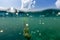 Woman freediver glides with fins over ocean with air bubbles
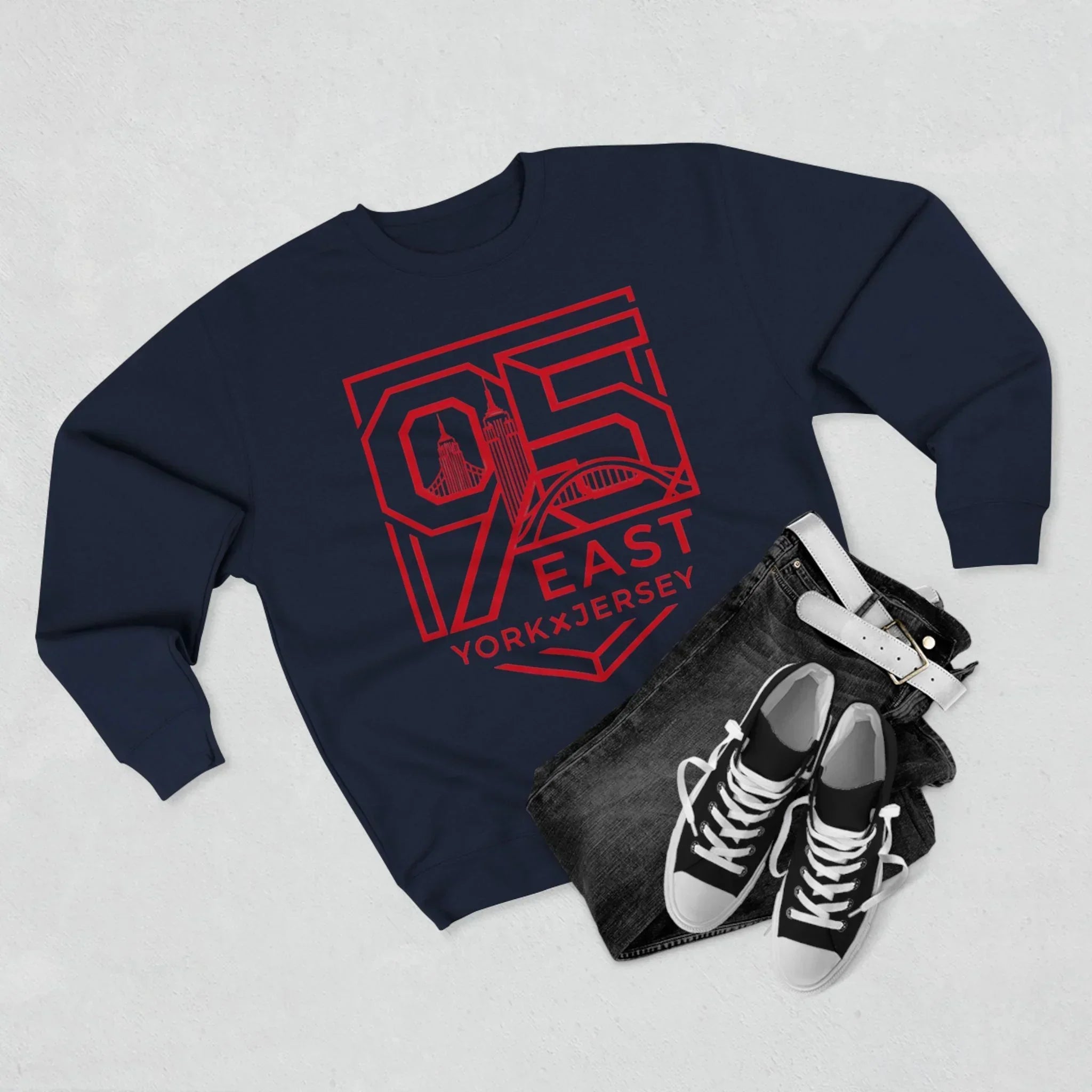 Navy hoodie with bold red 95 East YorkxJersey graphic, paired with jeans and sneakers for urban streetwear style.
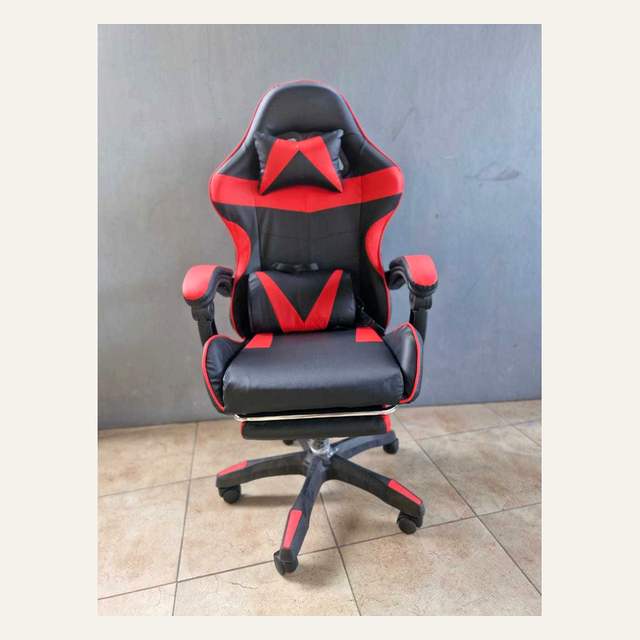 Kursi hitam merah dengan dua bantal difoto lurus dari depan di ruangan berdinding abu-abu.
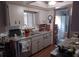 Kitchen area featuring modern appliances, countertop space, and a double basin sink at 8343 Sw 105Th Pl, Ocala, FL 34481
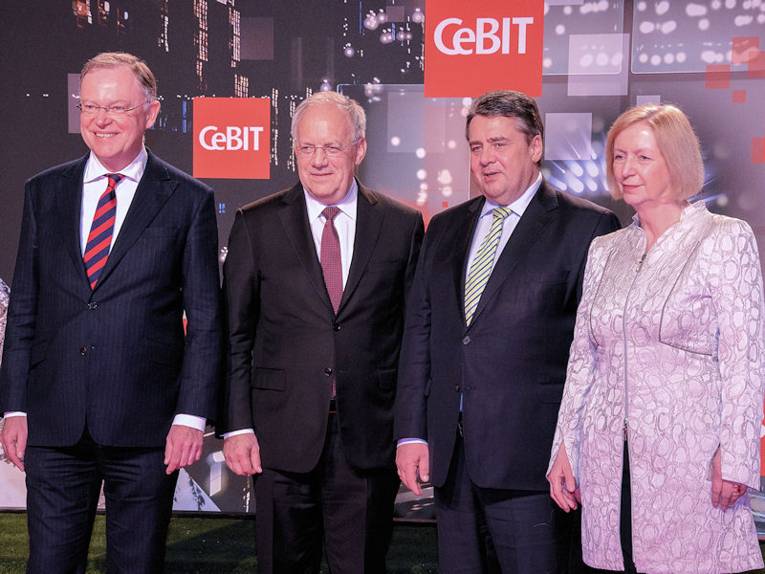 Drei Männer und eine Frau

_ _ _ _

[What is being asked] Up to and including the line containing "Kursi hitam merah", repeat every line from the start of the data, but none of the pictures.

[Response]
 Woman freediver glides with fins over ocean with air bubbles
 Navy hoodie with bold red 95 East YorkxJersey graphic, paired with jeans and sneakers for urban streetwear style.
 Kursi hitam merah dengan dua bantal difoto lurus dari depan di ruangan berdinding abu-abu.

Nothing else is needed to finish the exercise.